Image-text web data:
..........
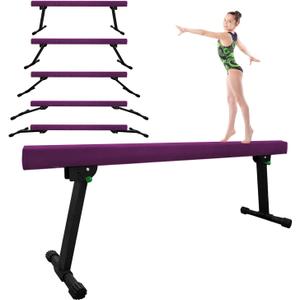 Sealoha 8ft Ultrasimple Adjustable&Foldable Balance Beam,High-Low Floor Beam Suede Gymnastics Equipment,No Tool Require, Gymnastics Beam for Training&Professional HomeTraining (Length: 8FT & Height: 7''-31'', Purple)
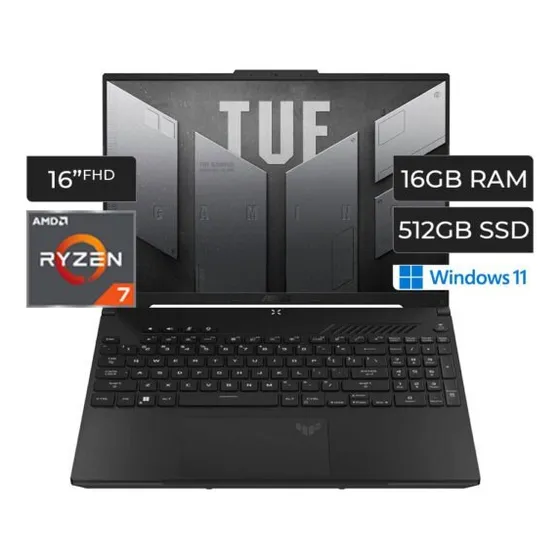 Laptop Asus Tuf A16 Ryzen 7 7th/16gb/512gb/rx7700s 8gb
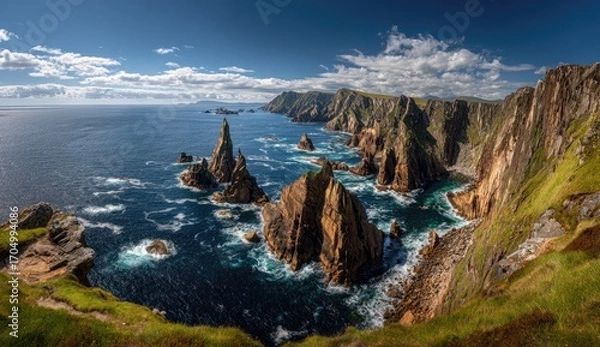 Obraz Rugged coastal cliffs meet a vibrant sea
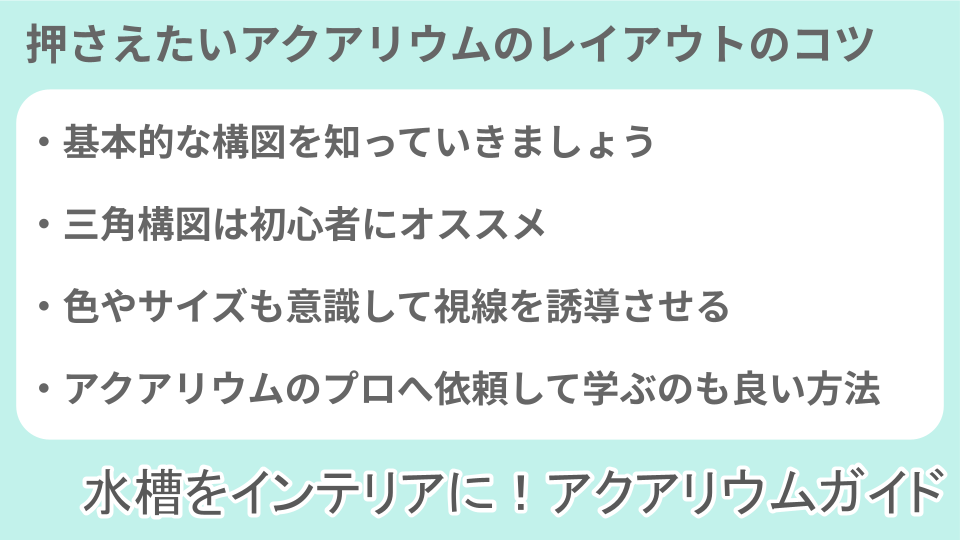 アクアリウムレイアウトのコツについての説明画像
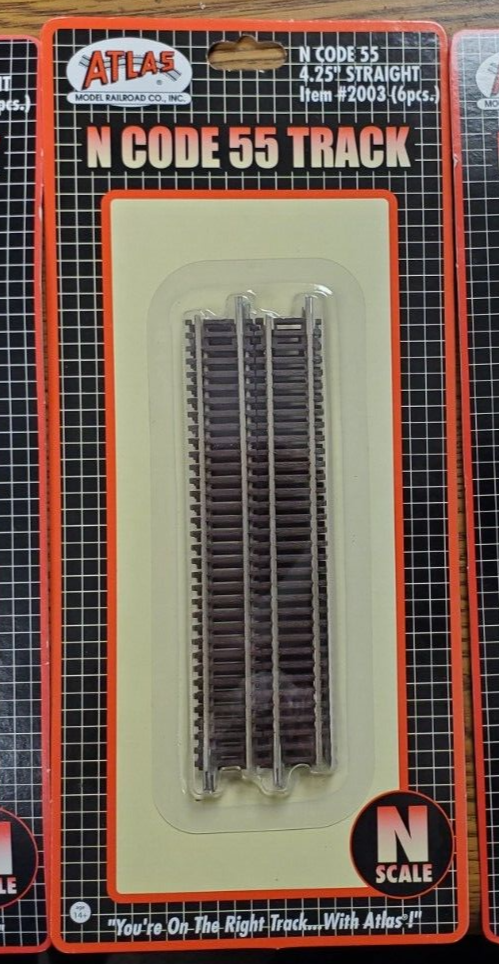 Atlas 2003 N Scale Code 55 4.25" Straight Track (6) pcs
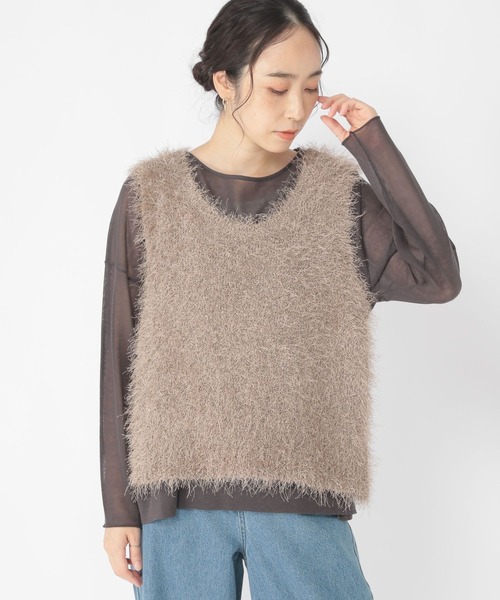 studio CLIP(スタディオクリップ)の「3ゲージフサフサヤーンベスト(ベスト・レディース・ベージュ/サンドグレー/ライトブルー・FREE)」の13枚目の写真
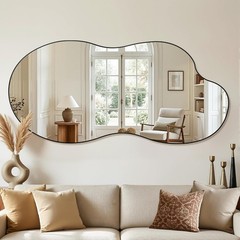 Irregular Wall Mirror, 30″x60″ Asymmetrical Mirror with Metal Frame, Modern Uniq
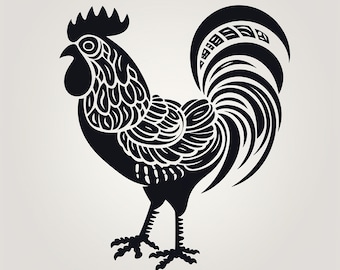 Chicken Clip Art Illustration, Abstract Farm Animal Rooster Bird Design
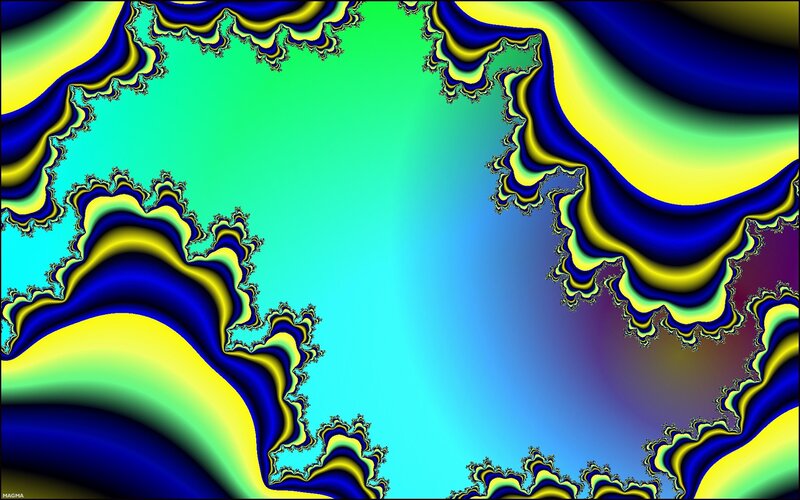 Fractal Pattern with Blue and Yellow — Vibrant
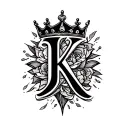 cursive letter 'K' with a crown and phrase "一蓮托生" tattoo design idea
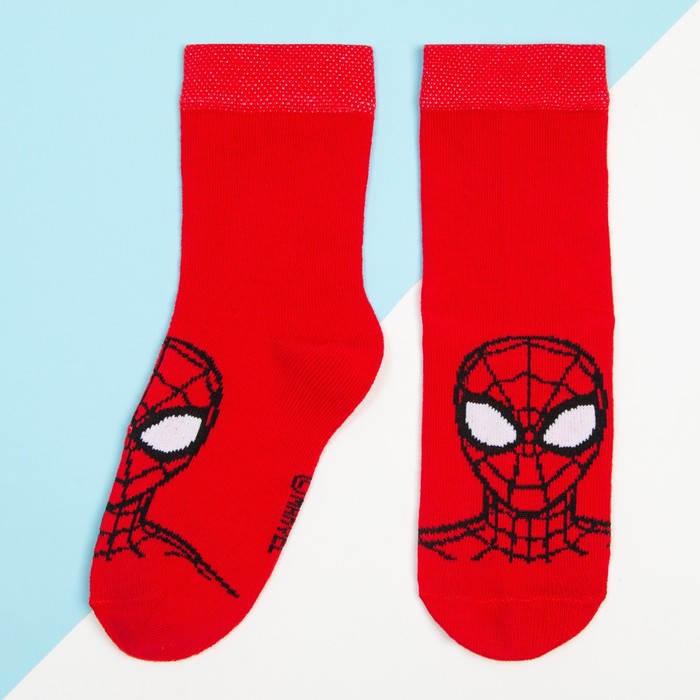 Носки для мальчика «Человек-Паук», MARVEL, 16-18 см, цвет красный носки для мальчика человек паук marvel 16 18 см цвет белый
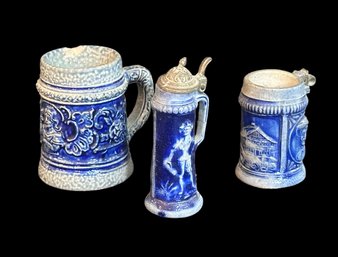 Collection Of Antique Mini German Beer Steins - Lot Of 3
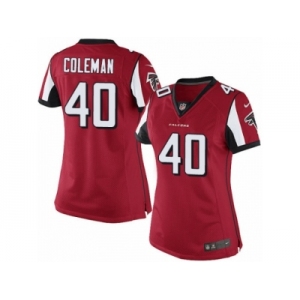 Women's Nike Atlanta Falcons #40 Derrick Coleman Limited Red Team Color NFL Jersey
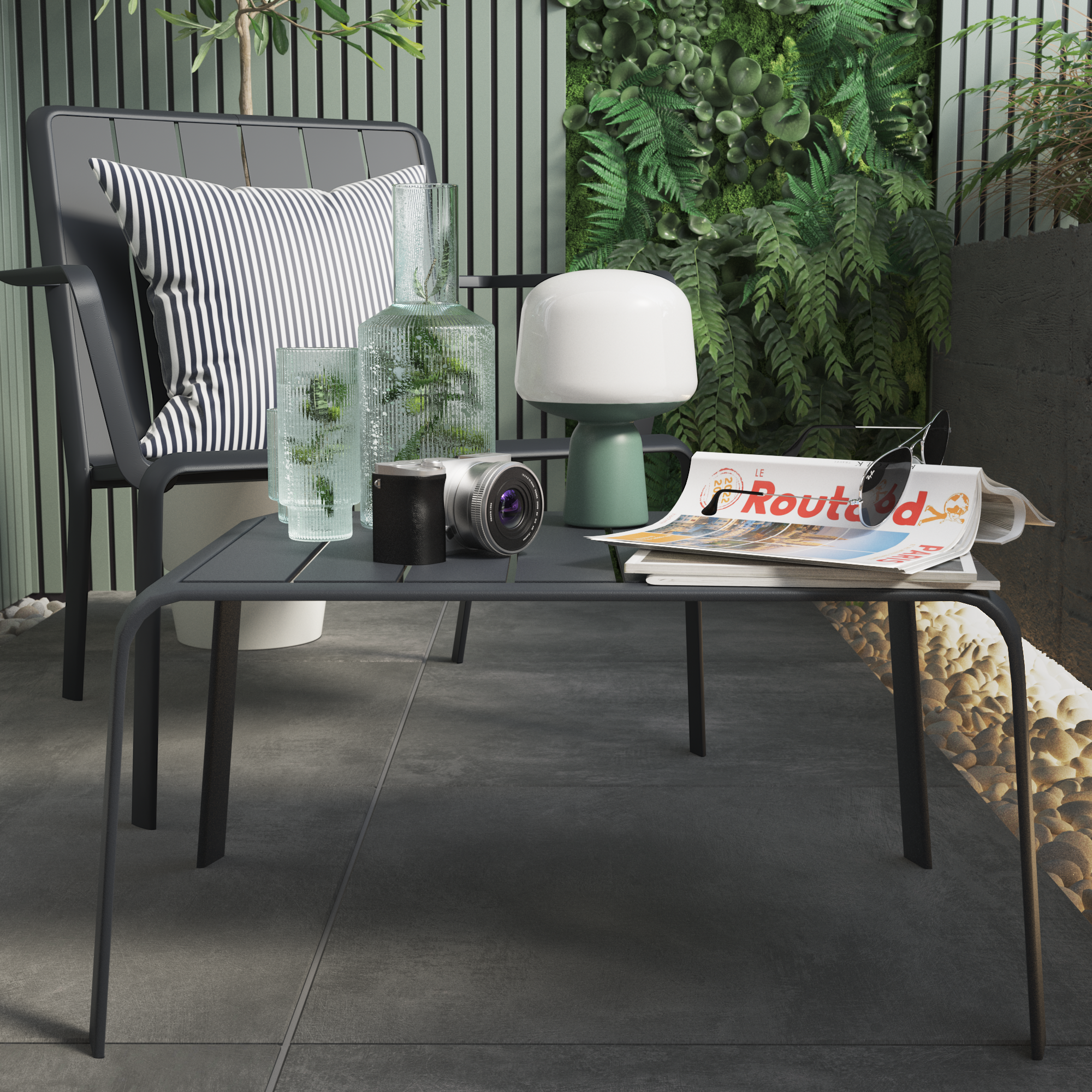 Sedia da giardino con braccioli Idaho NATERIAL, struttura in alluminio grigio, seduta in alluminio antracite - 3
..........
What needs to be done: Only the lines from the beginning of the records through the line bearing "Atlas 2003 N" belong in the answer, copied word for word with pictures left out.

Exercise solution:
 Sealoha 8ft Ultrasimple Adjustable&Foldable Balance Beam,High-Low Floor Beam Suede Gymnastics Equipment,No Tool Require, Gymnastics Beam for Training&Professional HomeTraining (Length: 8FT & Height: 7''-31'', Purple)
 Laptop Asus Tuf A16 Ryzen 7 7th/16gb/512gb/rx7700s 8gb
 Obraz Rugged coastal cliffs meet a vibrant sea
 アクアリウムレイアウトのコツについての説明画像
 Atlas 2003 N Scale Code 55 4.25" Straight Track (6) pcs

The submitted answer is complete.